Un déficit qui se creuse, une activité qui a ralenti l’an passé, une pression budgétaire qui s’accroît : l’hôpital va connaître des années d’austérité. Hier la CGT et Sud Santé ont préparé le personnel à des négociations qui s’annoncent compliquées.

Une centaine d’employés de l’hôpital se sont réunis hier après-midi pour une heure d’information syndicale. Une première mobilisation qui en annonce d’autres pour la CGT et Sud Santé. « Tous les hôpitaux vivent des situations de crise, ont souligné Jean-Paul Sénéchal et Karine Gloanec. L’objectif national des dépenses de l’Assurance-maladie prévoit une baisse de 2,1 % cette année, 2 % en 2016, 1,9 % en 2017. Les déficits vont s’aggraver. De nombreux hôpitaux ont pris des mesures d’économie. Les jours de RTT, les primes des contractuels sont attaquées à Brest, Carhaix, Quimperlé ». « Pour l’instant, ce n’est pas le cas au Chic », reconnaissent les syndicalistes qui savent que cela ne va pas durer. « Le déficit du budget à Quimper est aussi lié à une baisse des activités, continue Jean-Paul Sénéchal.

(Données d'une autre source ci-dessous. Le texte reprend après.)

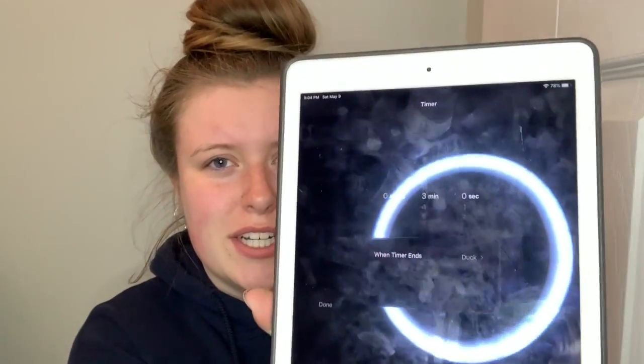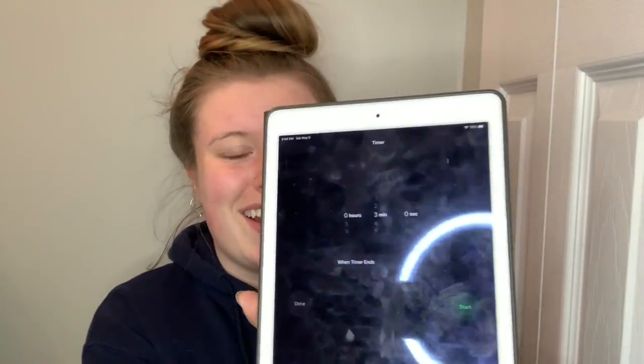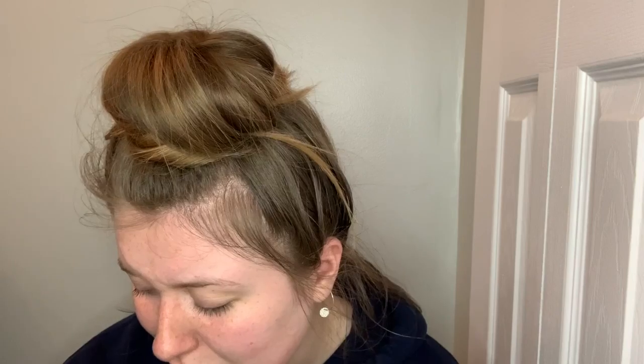Since I use my phone for recording, I am going to set my three minutes on my iPad — you can see my ring light in the background. Alrighty, three minutes for a full face of makeup. Up in three, two, one, go.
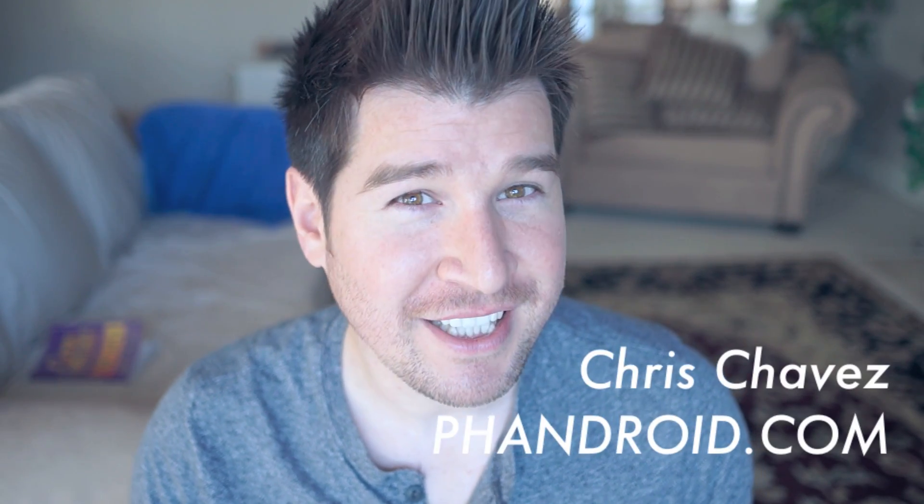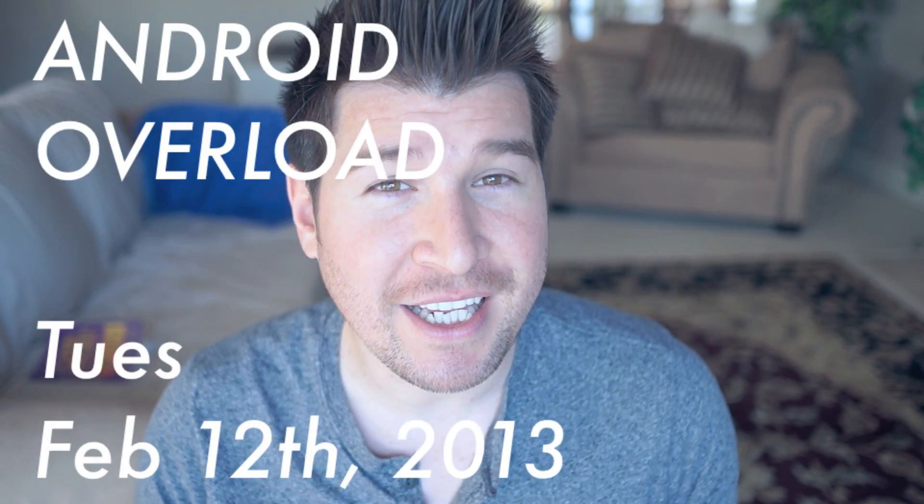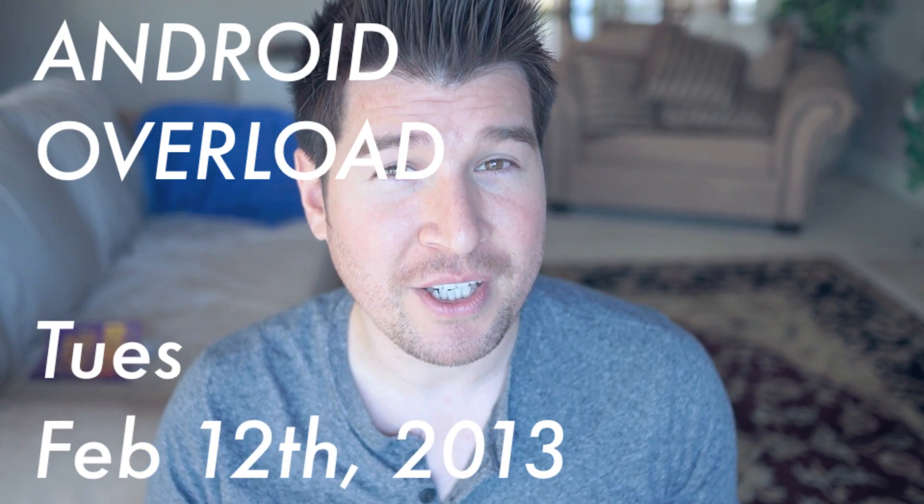What's going on everybody? Chris Chavez here with Fandroid.com. You're watching the Android Overload for Tuesday, February 12th, and these are the top Android news stories from the day.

Il y a eu moins d’accouchements en 2014, une baisse d’activité en été et début d’automne ». « Pour répondre à cette situation, la direction parle d’un ralentissement dans la progression des carrières » continuent-ils. Ils prennent l’exemple d’une infirmière qui, en fin de carrière avec la nouvelle formule, verrait sa retraite amputée de 120 € par mois. Dans l’immédiat, les négociations restent ouvertes avec la direction. « Mais si on agresse les salariés, ils partiront sur le pied de guerre, annonce Jean-Paul Sénéchal. La pression de l’Agence régionale de santé sur les hôpitaux est tellement forte qu’ils doivent racler partout ».

« Éviter des mesures imposées »

Interrogé, le directeur du Chic confirme la situation. « Elle n’est pas catastrophique, mais elle se durcit, dit Jean-Roger Pautonnier. Les recettes liées à la tarification de l’Assurance-maladie baissent alors que les charges ont augmenté de 2,38 % en 2014. Nous avions prévu une hausse de l’activité de 4 % en 2014. Elle s’est limitée à 3 %. Ce n’est pas suffisant ». « Si nous avons un déficit trop important, nous serons obligés de passer par un contrat de retour à l’équilibre qui impliquera des mesures salariales imposées, continue le directeur. Je veux l’éviter. Il y a déjà un plan d’économie de 3,6 M€ jusqu’à 2018. Cette année 2015, en plus du million d’euros déjà prévu, je dois faire un nouvel effort d’économie pour récupérer un million supplémentaire, ce qui fera au total 2 M€ en 2015. Au Chic nous allons donc ralentir les avancements de carrière. Cela concernera les personnes en deuxième partie de carrière. Car je double l’avancement pour les plus bas salaires. Et je prévois aussi d’augmenter le nombre de contractuels qui deviendront titulaires. Ces dispositions devraient être en place pour la fin de l’année afin que l’on puisse discuter les contreparties ». Ces premières décisions annoncées ne suffiront pas pour atteindre l’objectif. Le plan global sera annoncé après les réunions prévues d’ici la fin janvier.

16 janvier 2015. Source : Le Télégramme.